How to clean a Kettle
We rarely “decrumb” the toaster, clean the inside of the microwave or fridge.
Electric devices should just work – after all, you paid good money for them.
What we forget, is the fact that cleanliness is not about functionality, it is about hygiene.
It cannot be healthy when the bottom of your toaster develops a flourishing biotope, and the inside of your fridge’s vegetable drawer is starting to grow legs.
Hygiene is especially crucial when water is involved. It is the source of life, but you want your kettle to produce clean water and not some sort of primordial soup.
How to keep your kettle clean?
There are a few things you can and should do:
1. Always use fresh water.
Always discard leftovers from the last boil.
2. Empty the kettle overnight and leave the lid open to dry it out.
Never leave water in the kettle when you go on holidays.
3. Clean and disinfect occasionally.
Wipe the kettle with a cloth dry, for example before you go on holidays.
Disinfect with natural products and never with bleach or harsh chemicals. Suitable, efficient and gentle are lemon and vinegar based cleaners.
The descaling solution given below also works very well to disinfect and clean your electric tea kettle.
For the outside, you can use a regular cleaning spray applied with a damp cloth.
4. Descale your kettle frequently.
More than 85% of American households have hard water coming out of their taps.
Limescale is a mineral deposit (calcium carbonate) abundant in hard water. When the water evaporates, the calcium carbonate crystallizes as a white, hard layer on the inside of kettles, pipes, washing machines, boilers and on your water taps.

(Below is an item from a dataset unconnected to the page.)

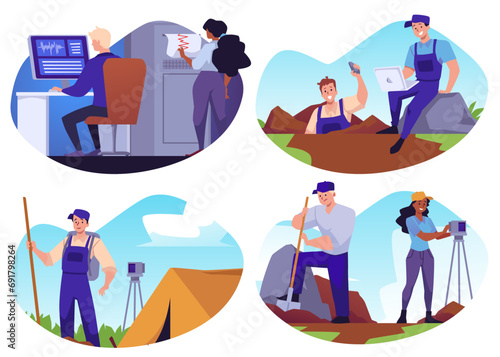 Geological laboratory and expedition excavation vector isolated illustrations set, geologist characters take measurement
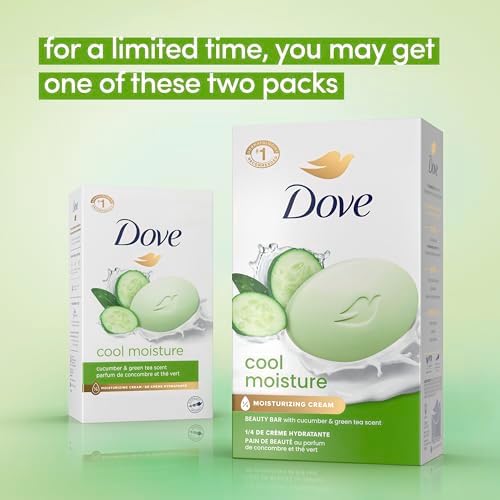 Dove Skin Care Beauty Bar For Softer Skin Cucumber and Green Tea More Moisturizing Than Bar Soap 3.75 oz, 14 Bars Dove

Limescale is responsible for the “skin” on tea and coffee caused by high surface tension of the water.
To break the tension, you need more shampoo for your hair or more detergent for the washing machine than in soft water areas.
Rule of thumb:
The softer the water, the better.
Here is another rule of thumb:
The harder the water, the more descaling is needed.
Since limescale is an alkaline salt, you need an acidic solution to dissolve it.
Therefore vinegar, lemon or citric acid work very well (so does cola by the way but not recommended though).
To prevent the build-up of limescale treat your temperature controlled kettle with the following solution:
- Mix 2 parts vinegar (or alternatively lemon juice, citric acid) with 1 part water.
- Fill the kettle only half full and bring to a boil.
- Let the water slightly cool down and discard.
- Re-fill with clean water, boil and discard.
- Rinse and repeat until the kettle smells clean and all traces of limescale have been dissolved.
If you have already a persistent layer of white salt in the kettle, use the following, stronger solution:
- Mix equal amounts (1:1) of vinegar with water.
- Fill kettle and bring to boil.
- Let it stand for a few hours or overnight.
- Empty kettle and boil with water.
- Rinse and repeat until all traces and smell of vinegar are gone.
The hot rinsing water is also very beneficial for your drains.
Sometimes not all limescale is dissolved, and you still have some white stuff at the bottom of your kettle.
Once treated with the acidic solution the limescale gets flaky and you can carefully scrape it off the bottom.
What not to use
Do not use industrial descaler intended for washing machines or dishwashers in your lovely and possibly expensive programmable kettle.
Natural, food-safe products are easy to find.
Bleach is not food-safe and due to its highly alkaline nature would not work anyway.
We also don’t recommend hard, steel brushes to clean the inside.
When cleaning or descaling your kettle, never fill it to the maximum.
When boiled the solution will foam, spill out and leave an unwelcome mess on your kitchen counter.
To prevent limescale in the first place, you could use filtered or bottled water.
Highly recommended for tea, coffee, and (baby) food.
Besides the hygienic reasons, a clean kettle is also more energy efficient. The chalky layer of limescale absorbs energy when heating and therefore you need more electricity to bring the water to the right temperature.
The same applies to all other household devices.
When talking about kettle hygiene, I just want to point out the plastic issue again. The inside of some variable temperature kettles is made from heat resistant plastic, BPA (Bisphenol A, more info here). Research suggests that some small plastic particles can leach into the hot water and might pose a health threat.
Third and last rule of thumb:
The less plastic involved, the better.
You can control the pureness of the water but not what might leak into the water from the plastic.
A cleaner device will lead to cleaner water and better tasting teas and coffees.
Your kettle will thank you. Not with hugs and birthday cards but with clean water and a longer life.